1. The amphora gets created and is booted. In this example, the amphora will
   perform both the load balancing (HAProxy) and L3 Distributor function
   (BGP Speaker).

2. The amphora will read in the BGP configuration information from the config
   drive and configure the BGP Speaker to peer with the ToR switch.

3. The BGP Speaker process will start and establish a BGP peering session with
   the ToR switch.

4. Once the BGP peering session is active, the amphora is ready to advertise
   its anycast VIP into the network with a next-hop of its front-end IP
   address.

5. The BGP speaker will communicate using the BGP protocol and send a BGP
   "announce" message to the ToR switch in order to announce a VIP route. If
   the amphora is serving as both a load balancer and distributor the
   announcement will happen on listener start. Otherwise the announce will
   happen on a register amphora request to the distributor.

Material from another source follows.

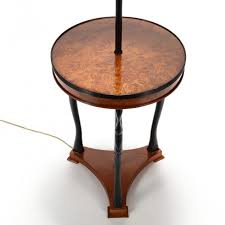 Biedermeier Style Figural Lamp Table (Lot 515 - Presidents' Weekend AuctionFeb 16, 2019, 9:00am)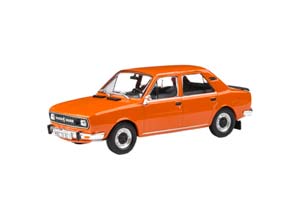 SKODA 120L 1982 ORANZOVA BRILANTNI ORANGE / SKODA 120L 1982 ОРАНЗОВА БРИЛАНТНИ ОРАНЖ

6. The ToR switch will learn this new route and advertise it into the L3
   fabric. At this point the L3 fabric will know of the new VIP route and how
   to reach it (via the ToR that just announced it).

7. The L3 fabric will create an ECMP group if it has received multiple route
   advertisements for the same anycast VIP. This will result in a single VIP
   address with multiple next-hop addresses.

8. Once the route is accepted by the L3 fabric, traffic will get distributed
   to the recently registered amphora (HAProxy).

9. The BGP speaker will communicate using the BGP protocol and send a BGP
   "withdraw" message to the ToR switch in order to withdraw a VIP route. If
   the amphora is serving as both a load balancer and distributor the
   withdrawal will happen on listener stop. Otherwise the withdraw will happen
   on an unregister amphora request to the distributor.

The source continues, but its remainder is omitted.